VOL. 127 | NO. 169 | Wednesday, August 29, 2012
Visual History Lesson
By Bill Dries
Ken Scott is preparing for another move.
A visitor views the Civil War diorama on display in the Mud Island River Park Mississippi River Museum. The 100-foot-long, 19-panel diorama is on display at the museum until Sept. 2.
(Photos: Lance Murphey)
After the long Labor Day weekend, he and several friends will go to the Mud Island Park Mississippi River Museum and begin taking down the latest exhibition of a Civil War diorama his late father, Fred “Buster” Scott, researched and painted over a 10-year period in the 1980s and 1990s.
It’s hard work. The diorama is on 19 panels and about 100 feet in length and in its proper order it depicts not just the Civil War, but notable Civil War events and battles in the state of Tennessee from Memphis to Chattanooga.
“I put it back up on the wall to basically store it and no one gets to see it but my family and friends. Most of the time they are helping me take it down and put it up,” Scott said.
“My goal would be to find a permanent home, somewhere that I would consider putting it on permanent loan.”
A permanent home would include a place with some kind of climate control to preserve the rich detail his father put into the painting after extensive research that included battlefield visits and thousands of photographs.
Scott realizes the diorama is just as much of a challenge for any museum as it was for his father.
“He put 10 years of his life after he retired from the highway patrol into these paintings. His desire was for as many people as possible to see them,” he said. “By the time you set these up, you are talking about a room that would have to be almost 1,000 square feet to house it. Normally what we would do is set it up in a big U-shape.”

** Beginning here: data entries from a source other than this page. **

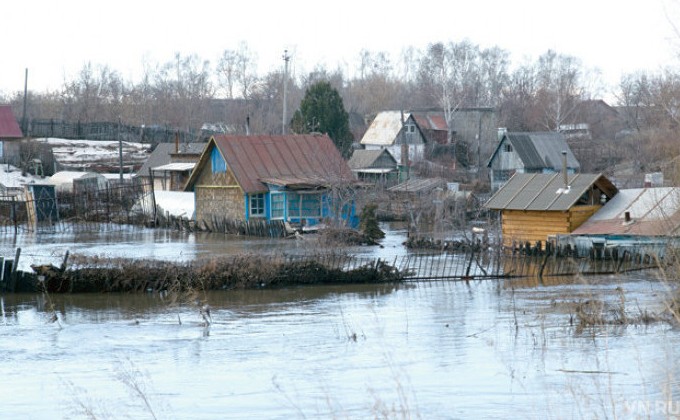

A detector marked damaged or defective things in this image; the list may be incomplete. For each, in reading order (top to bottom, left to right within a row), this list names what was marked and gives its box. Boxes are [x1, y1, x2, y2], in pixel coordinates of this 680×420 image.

rusty metal roof [0, 105, 22, 138]
rusty metal roof [358, 110, 412, 146]
rusty metal roof [211, 135, 350, 194]
rusty metal roof [484, 171, 616, 210]
rusty metal roof [572, 188, 680, 236] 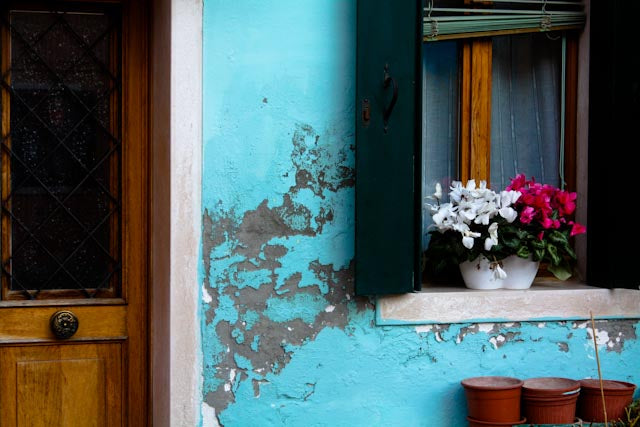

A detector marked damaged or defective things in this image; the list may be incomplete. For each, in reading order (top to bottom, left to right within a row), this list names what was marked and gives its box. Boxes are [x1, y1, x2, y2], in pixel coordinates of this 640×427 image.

cracked wall surface [202, 1, 640, 426] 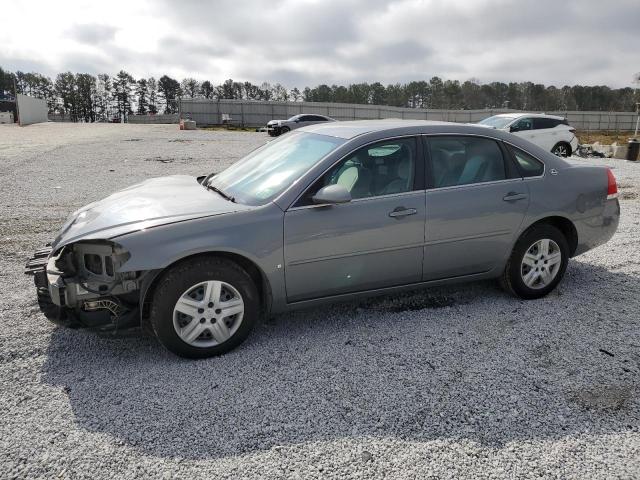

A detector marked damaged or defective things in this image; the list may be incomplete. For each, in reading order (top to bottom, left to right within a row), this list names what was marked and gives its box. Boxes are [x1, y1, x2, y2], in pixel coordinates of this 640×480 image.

damaged front end [25, 242, 144, 332] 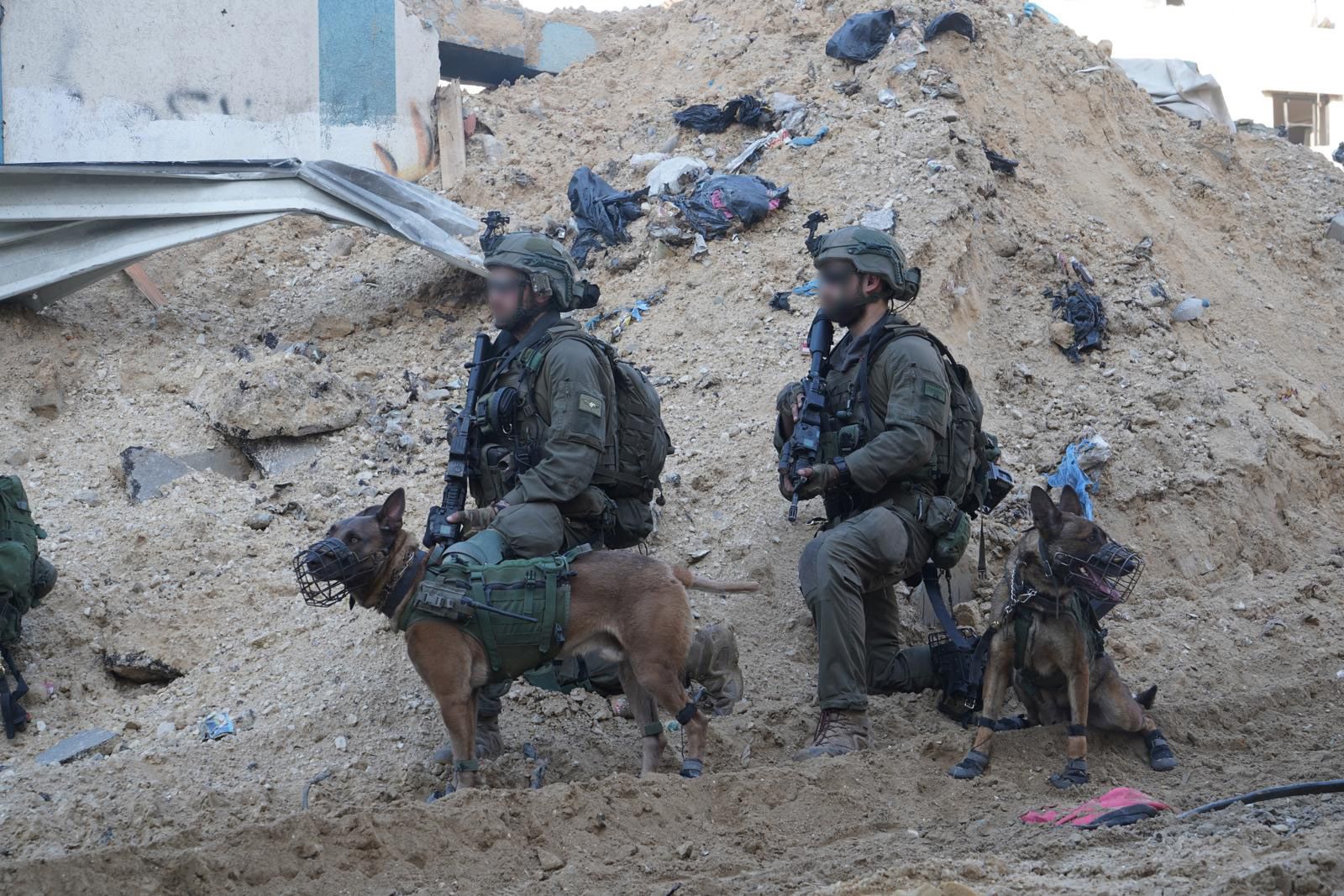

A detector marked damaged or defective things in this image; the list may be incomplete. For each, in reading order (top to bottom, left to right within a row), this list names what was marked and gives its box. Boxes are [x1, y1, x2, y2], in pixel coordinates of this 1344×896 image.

damaged wall [0, 0, 440, 177]
broken concrete block [1322, 213, 1344, 245]
broken concrete block [186, 354, 363, 443]
broken concrete block [121, 448, 196, 505]
broken concrete block [240, 438, 321, 480]
broken concrete block [102, 652, 185, 688]
broken concrete block [34, 731, 117, 762]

That’s what he and his friends were able to do at Davies Plantation, the last place before the River Museum to host the diorama.

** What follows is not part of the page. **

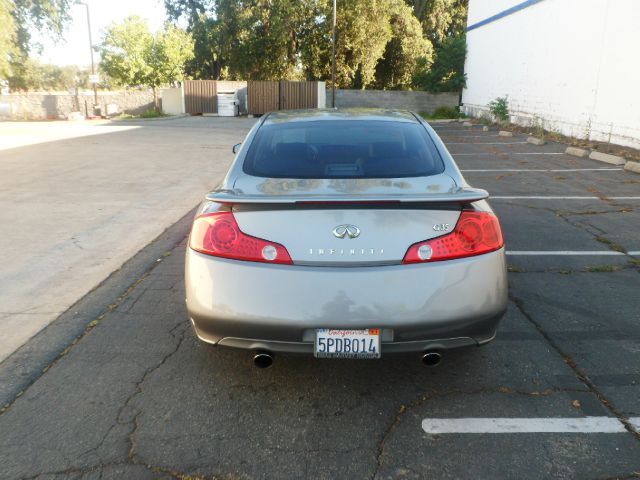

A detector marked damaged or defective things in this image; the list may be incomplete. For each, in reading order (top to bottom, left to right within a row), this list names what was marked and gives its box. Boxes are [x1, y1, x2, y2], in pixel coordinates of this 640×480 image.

cracked asphalt [1, 119, 640, 480] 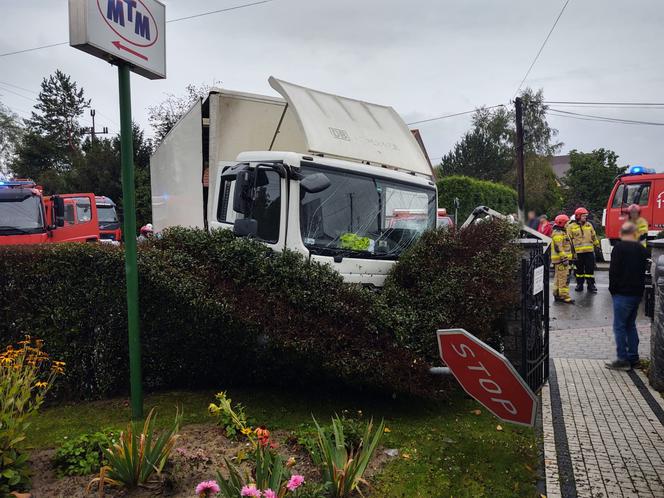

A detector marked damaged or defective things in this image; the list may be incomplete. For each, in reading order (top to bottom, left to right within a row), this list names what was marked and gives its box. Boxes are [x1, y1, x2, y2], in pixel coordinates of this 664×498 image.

The inspiration for the diorama is another massive work of art that is also challenging logistically, the Civil War Cyclorama in Atlanta. The cyclorama, which remains an attraction in Atlanta, was painted in 1885 and covers 15,030 square feet.

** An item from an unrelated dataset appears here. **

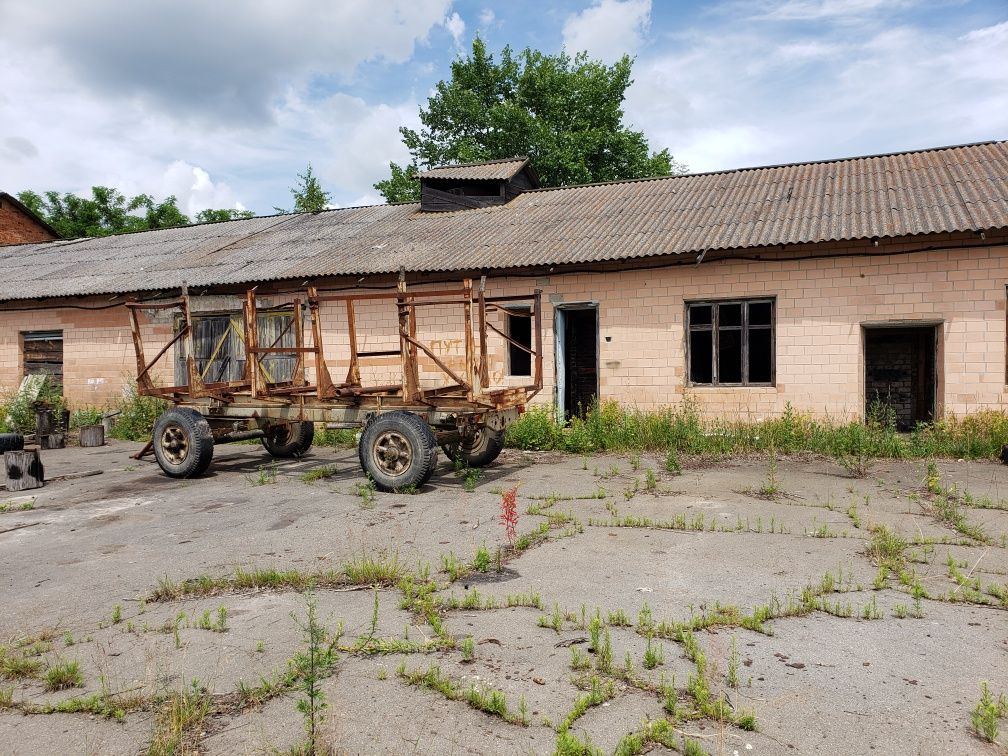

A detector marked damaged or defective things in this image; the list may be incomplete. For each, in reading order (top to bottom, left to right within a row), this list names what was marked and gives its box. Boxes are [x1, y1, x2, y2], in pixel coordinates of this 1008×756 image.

A visitor views the Civil War diorama on display in the Mud Island River Park Mississippi River Museum. The 100-foot-long, 19-panel diorama was painted by a retired state trooper and World War II veteran, the late Fred Scott. Scott, of Memphis, spent 10 years painting scenes of and researching the Civil War in Tennessee.
The cyclorama surrounds viewers and Scott said that is the best way to view his father’s diorama.
“That influenced what he was doing in his mind to create that effect. When you got in that U-shape, you had no option but to get drawn into it,” Ken Scott said. “It is a different effect.
“But I appreciate the opportunity to get in (the Mississippi River Museum). They’ve been really great.”
The Mud Island exhibit includes not just the diorama. There are also items from his father’s work on the panels in a workshop at the family home in Berclair. And there is a video recorded by family members of Buster Scott explaining his work on each of the panels that his son says they recorded initially simply to have a family archive of the effort.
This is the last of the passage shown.